The GPU data is referred as `GPUMemoryBase` pointer once it is generated by `to_GPU()` method, and is cast back to specific GPU memory type during operations.

- `GPUMemoryViennaCL` is `ViennaCL` specific GPU memory library interface, which defines the operations to access and manipulate data on GPU with `ViennaCL` operations.

#### Understanding operation implementations of different backends

- `LinalgBackendBase` is the base class for operations on all different backends. The macros in `LinalgBackendBase` class defined the `linalg` operations and data transfer operations available in at least one backend.

- `LinalgBackendGPUBase` has two pure virtual methods: `to_gpu()` and `from_gpu()`. `LinalgBackendViennaCL` and other user-defined GPU backend classes are required to be derived from `LinalgBackendGPUBase` class, and thus GPU transfer methods are required to be implemented.

- `LinalgBackendEigen` and `LinalgBackendViennaCL*` classes provide the specific implementations of linear algebra operations with `Eigen3` library and `ViennaCL` library.

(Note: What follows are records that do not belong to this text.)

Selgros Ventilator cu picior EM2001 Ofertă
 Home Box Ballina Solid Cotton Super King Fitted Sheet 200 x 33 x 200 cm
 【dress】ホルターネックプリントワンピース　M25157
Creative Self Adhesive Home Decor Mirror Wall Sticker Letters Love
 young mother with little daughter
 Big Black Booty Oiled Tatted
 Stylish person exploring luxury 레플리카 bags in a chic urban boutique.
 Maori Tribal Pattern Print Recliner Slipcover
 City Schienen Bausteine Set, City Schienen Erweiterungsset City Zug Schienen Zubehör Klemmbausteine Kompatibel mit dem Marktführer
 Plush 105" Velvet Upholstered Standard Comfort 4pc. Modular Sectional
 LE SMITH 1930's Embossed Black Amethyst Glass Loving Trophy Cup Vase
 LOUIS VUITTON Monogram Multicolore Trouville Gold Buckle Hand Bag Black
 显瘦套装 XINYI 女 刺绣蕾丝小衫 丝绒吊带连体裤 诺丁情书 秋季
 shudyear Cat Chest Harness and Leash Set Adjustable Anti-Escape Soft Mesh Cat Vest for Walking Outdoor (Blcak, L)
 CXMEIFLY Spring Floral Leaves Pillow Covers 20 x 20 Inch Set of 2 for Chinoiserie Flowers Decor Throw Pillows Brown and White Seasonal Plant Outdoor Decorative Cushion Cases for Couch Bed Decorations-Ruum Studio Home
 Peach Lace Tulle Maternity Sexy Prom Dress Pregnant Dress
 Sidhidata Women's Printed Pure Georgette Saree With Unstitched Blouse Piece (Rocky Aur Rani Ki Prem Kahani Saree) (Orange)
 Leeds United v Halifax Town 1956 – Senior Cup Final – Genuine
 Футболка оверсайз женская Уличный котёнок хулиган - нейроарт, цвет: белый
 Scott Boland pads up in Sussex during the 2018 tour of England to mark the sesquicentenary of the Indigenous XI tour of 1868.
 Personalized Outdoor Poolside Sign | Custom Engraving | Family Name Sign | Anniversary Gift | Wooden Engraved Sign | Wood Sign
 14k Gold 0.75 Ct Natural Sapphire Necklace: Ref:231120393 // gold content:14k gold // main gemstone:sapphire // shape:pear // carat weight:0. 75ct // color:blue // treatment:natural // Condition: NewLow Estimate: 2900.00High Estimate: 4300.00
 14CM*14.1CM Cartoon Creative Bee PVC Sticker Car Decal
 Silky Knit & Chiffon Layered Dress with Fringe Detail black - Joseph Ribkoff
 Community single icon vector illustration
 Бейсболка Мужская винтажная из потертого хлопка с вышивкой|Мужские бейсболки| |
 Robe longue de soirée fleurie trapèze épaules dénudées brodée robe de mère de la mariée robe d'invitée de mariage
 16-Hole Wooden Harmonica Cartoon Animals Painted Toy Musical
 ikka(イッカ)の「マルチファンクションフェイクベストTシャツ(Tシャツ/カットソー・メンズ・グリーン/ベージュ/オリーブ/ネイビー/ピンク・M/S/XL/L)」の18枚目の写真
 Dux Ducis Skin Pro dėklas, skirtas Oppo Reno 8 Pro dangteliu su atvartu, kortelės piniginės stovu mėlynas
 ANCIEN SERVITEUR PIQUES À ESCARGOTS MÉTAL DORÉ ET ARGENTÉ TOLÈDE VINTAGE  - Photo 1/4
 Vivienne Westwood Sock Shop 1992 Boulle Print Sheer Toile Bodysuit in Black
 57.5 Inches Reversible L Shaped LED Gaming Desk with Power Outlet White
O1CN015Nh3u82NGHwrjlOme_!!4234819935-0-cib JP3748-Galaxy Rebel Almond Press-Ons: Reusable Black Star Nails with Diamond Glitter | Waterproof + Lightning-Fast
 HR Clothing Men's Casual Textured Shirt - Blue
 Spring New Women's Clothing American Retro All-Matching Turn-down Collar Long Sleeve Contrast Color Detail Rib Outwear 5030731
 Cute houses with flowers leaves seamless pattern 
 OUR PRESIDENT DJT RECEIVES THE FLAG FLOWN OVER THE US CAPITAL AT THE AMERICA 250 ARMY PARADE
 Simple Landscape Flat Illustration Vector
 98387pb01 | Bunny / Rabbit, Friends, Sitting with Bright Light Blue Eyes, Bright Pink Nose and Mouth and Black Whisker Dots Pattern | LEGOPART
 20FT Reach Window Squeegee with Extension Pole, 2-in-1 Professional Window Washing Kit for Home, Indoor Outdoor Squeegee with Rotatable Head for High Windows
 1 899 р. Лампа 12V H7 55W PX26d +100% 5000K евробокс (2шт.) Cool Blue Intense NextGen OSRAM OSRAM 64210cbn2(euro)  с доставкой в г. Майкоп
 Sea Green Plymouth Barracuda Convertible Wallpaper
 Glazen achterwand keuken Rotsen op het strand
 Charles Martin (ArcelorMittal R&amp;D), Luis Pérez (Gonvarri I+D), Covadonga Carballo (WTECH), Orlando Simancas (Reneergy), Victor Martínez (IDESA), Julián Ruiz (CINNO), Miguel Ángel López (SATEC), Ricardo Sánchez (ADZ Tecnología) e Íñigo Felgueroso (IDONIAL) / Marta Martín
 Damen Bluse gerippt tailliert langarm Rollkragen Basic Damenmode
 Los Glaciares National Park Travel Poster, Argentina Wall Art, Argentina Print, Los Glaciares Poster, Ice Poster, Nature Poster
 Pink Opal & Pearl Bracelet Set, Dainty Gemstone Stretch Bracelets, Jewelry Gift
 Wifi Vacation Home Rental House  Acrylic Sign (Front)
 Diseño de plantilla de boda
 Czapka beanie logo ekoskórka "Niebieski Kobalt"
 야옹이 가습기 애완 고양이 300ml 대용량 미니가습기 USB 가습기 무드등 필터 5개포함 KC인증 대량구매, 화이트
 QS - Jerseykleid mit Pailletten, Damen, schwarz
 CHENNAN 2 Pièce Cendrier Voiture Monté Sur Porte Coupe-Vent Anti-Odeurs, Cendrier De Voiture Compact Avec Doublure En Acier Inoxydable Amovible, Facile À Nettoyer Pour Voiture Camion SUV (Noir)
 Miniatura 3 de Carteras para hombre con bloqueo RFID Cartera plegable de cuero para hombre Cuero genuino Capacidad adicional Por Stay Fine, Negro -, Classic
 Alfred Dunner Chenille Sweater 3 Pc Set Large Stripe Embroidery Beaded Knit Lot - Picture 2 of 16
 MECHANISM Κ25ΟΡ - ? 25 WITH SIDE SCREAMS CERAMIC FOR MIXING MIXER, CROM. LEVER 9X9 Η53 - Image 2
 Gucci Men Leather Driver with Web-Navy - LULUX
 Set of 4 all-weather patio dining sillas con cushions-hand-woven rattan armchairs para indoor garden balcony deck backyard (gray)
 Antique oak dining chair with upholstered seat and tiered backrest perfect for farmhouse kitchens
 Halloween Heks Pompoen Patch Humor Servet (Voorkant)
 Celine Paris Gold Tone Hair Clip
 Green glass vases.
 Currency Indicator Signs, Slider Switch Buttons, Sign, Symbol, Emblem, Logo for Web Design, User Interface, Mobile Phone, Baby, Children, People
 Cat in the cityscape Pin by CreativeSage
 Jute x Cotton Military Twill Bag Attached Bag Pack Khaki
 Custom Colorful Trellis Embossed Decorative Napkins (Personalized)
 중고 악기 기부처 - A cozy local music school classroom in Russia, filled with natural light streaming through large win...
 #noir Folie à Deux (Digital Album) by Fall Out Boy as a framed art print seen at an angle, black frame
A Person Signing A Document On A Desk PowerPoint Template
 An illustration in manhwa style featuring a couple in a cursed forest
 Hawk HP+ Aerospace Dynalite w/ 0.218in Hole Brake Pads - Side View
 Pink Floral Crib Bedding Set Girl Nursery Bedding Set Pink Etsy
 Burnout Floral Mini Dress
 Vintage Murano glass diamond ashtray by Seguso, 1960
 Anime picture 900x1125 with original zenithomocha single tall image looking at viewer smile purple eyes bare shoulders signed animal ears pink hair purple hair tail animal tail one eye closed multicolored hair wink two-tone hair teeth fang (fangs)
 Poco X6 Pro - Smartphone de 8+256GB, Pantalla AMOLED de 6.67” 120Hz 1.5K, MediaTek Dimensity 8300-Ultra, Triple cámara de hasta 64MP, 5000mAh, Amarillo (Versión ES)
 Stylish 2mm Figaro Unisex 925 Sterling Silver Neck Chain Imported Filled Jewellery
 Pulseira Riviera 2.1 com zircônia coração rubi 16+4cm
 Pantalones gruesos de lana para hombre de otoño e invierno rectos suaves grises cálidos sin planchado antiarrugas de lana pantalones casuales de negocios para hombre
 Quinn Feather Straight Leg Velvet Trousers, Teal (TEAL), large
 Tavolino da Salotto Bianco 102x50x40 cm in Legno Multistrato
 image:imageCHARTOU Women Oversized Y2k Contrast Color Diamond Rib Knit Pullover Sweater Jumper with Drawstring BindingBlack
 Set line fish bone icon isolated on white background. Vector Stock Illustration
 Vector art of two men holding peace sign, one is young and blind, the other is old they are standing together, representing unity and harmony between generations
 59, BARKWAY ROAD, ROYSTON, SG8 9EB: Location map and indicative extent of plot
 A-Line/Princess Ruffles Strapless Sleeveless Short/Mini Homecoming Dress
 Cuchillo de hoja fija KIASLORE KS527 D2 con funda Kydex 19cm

#### Extend external libraries

Current `linalg` framework allows easy addition of external linear algebra libraries. To add CPU-based algebra libraries, users just need to derive from `LinalgBackendBase` and re-implement the methods with new library. For GPU-based libraries, users need to add new class derived from `LinalgBackendGPUBase`, as well as the GPU memory library interface class derived from 'GPUMemoryBase` class.